··· GIVEN DATA ···

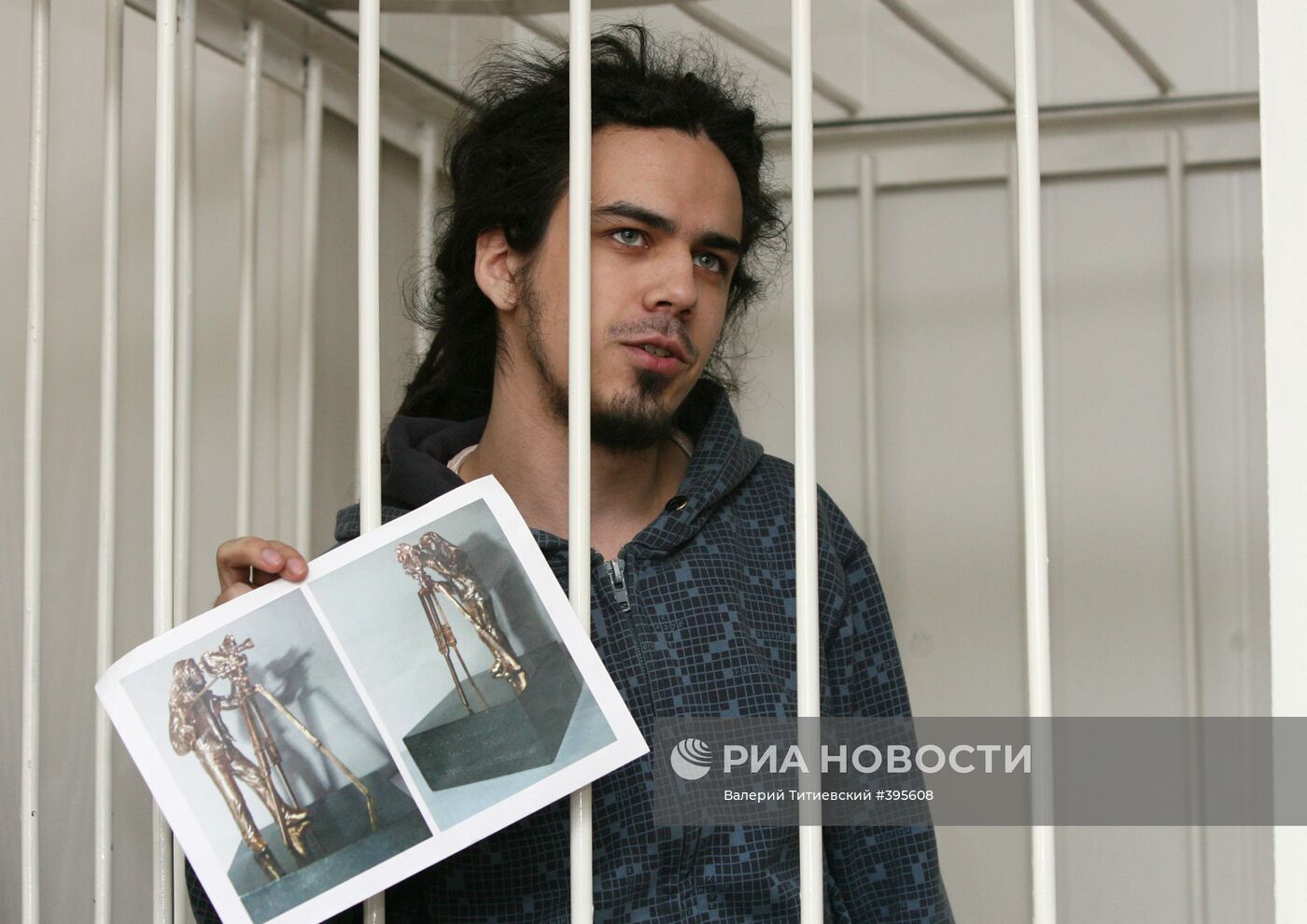 В Новосибирске суд заключил под стражу Артема Лоскутова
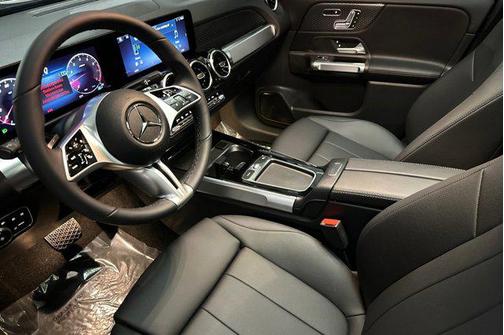 2026 Mercedes-Benz GLB 250 Base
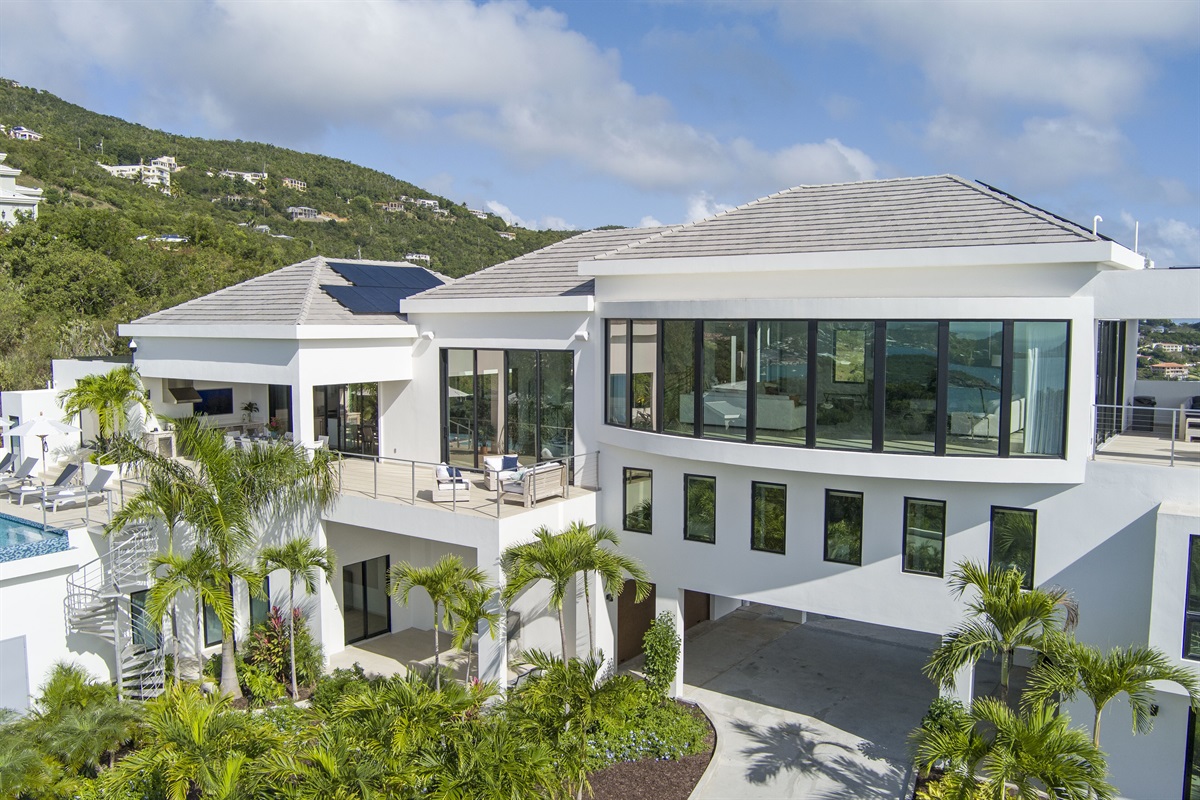 Under the living room and bedrooms you can see the garage entrance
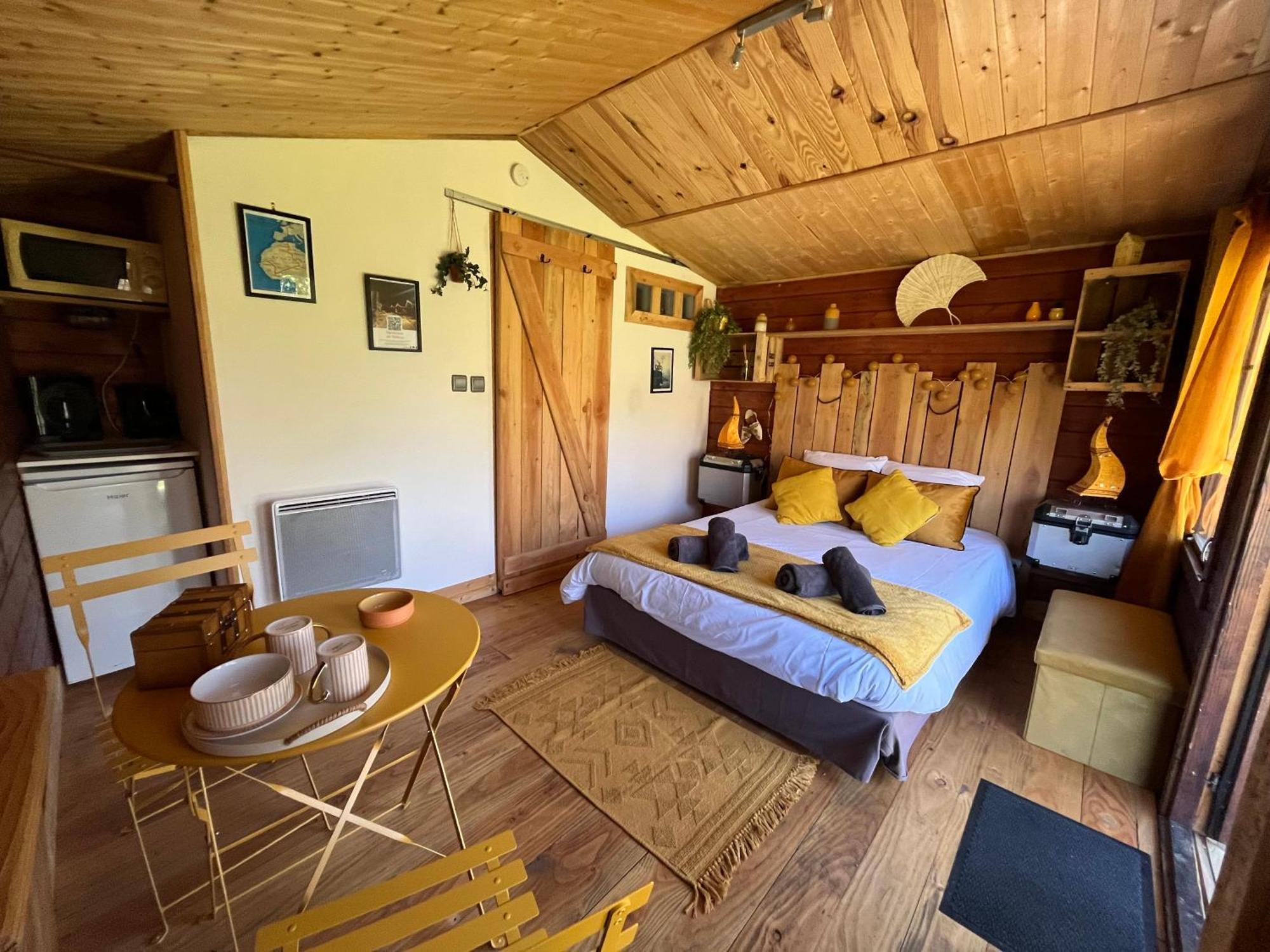 "Le Maloya" Chalets Independants -Chambre Balneo - Relais Motards Лакон Екстер'єр фото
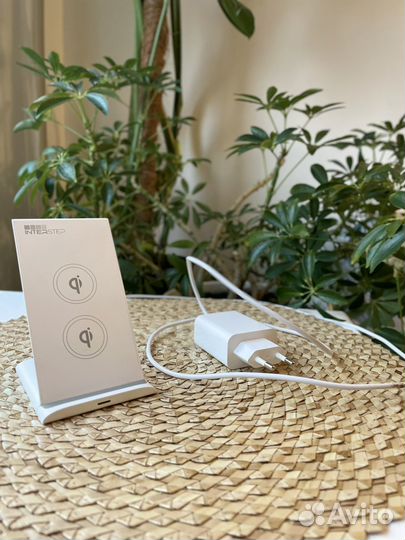 Беспроводное зарядное устройство InterStep 10Qi2C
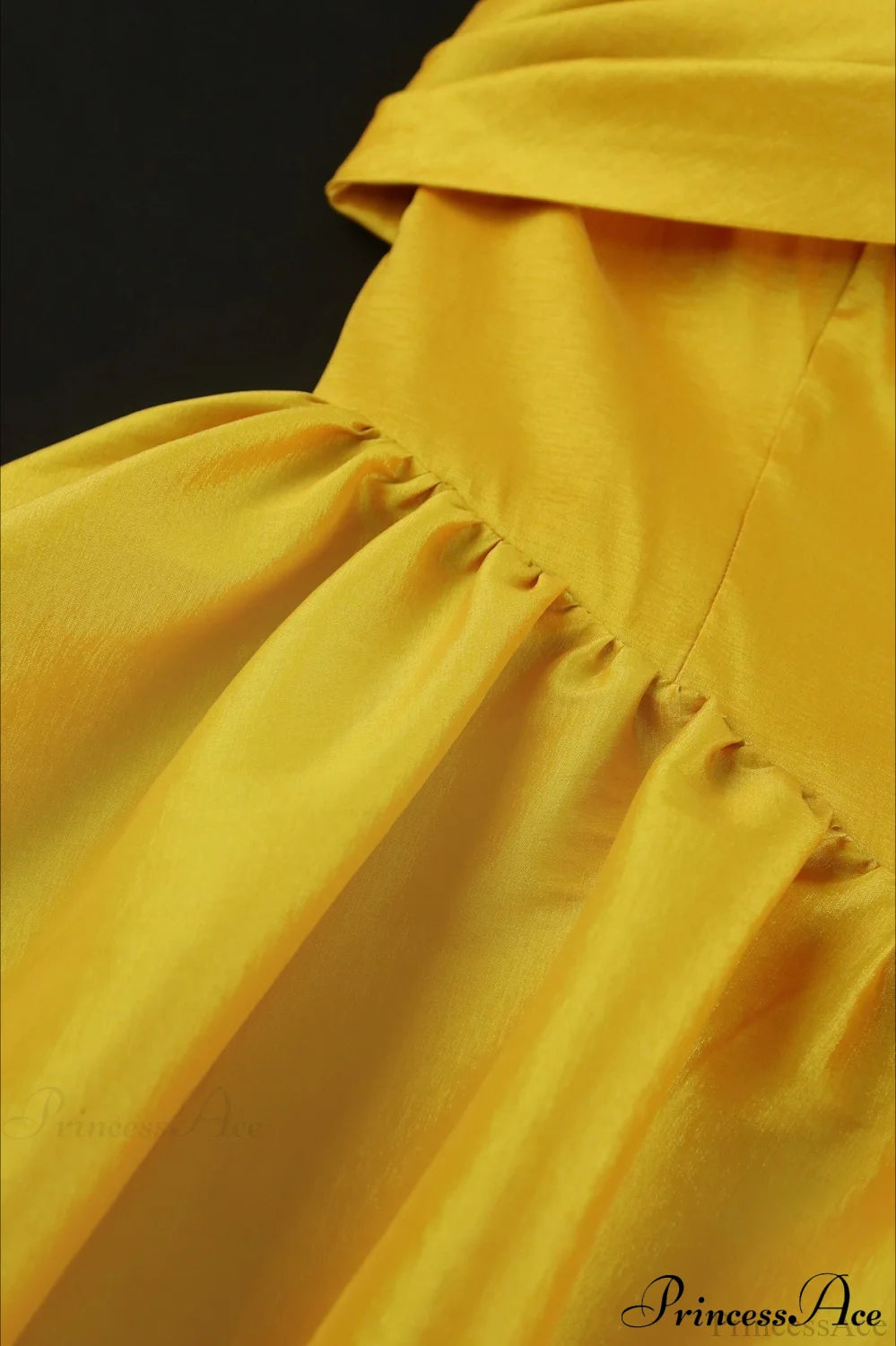 Luxury Gold Appliqué Spaghetti Strap Party Dress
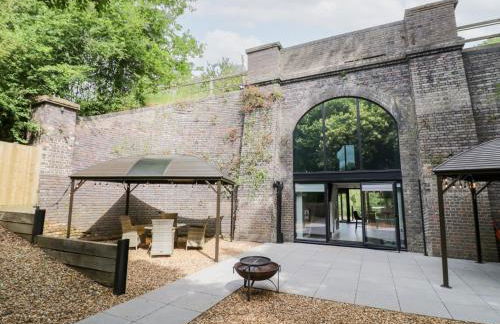 The Tunnel at Bridge Lake Farm and Fishery - Foto 21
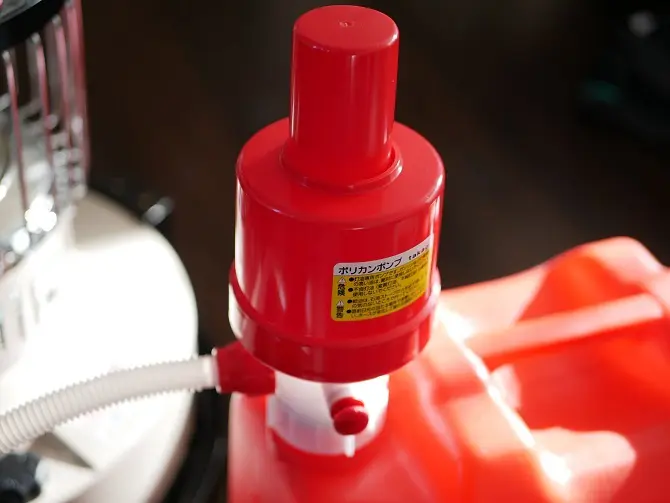 給油ポンプ上部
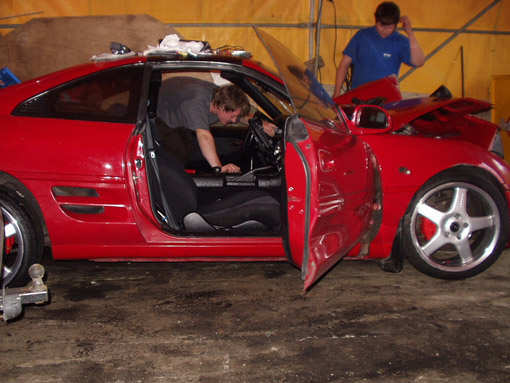 Lars Erik har lurt seg med på de fleste bildene :)   Lars erik (SW20) inni bilen og en annen kompis utenfor..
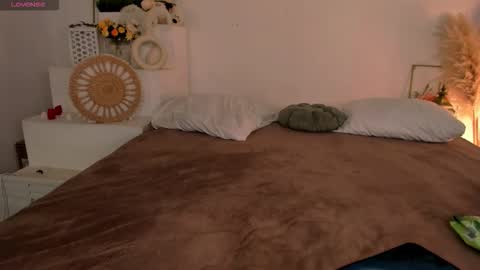 little_clare_ online show from 24, 3, 2026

···

** WHAT IS EXPECTED **
The answer is to be the lines from the line that contains "Lars Erik har" through the last line of the material, retyped exactly, both included, with pictures left out, please.

** ANSWER SECTION **
 Lars Erik har lurt seg med på de fleste bildene :)   Lars erik (SW20) inni bilen og en annen kompis utenfor..
 little_clare_ online show from 24, 3, 2026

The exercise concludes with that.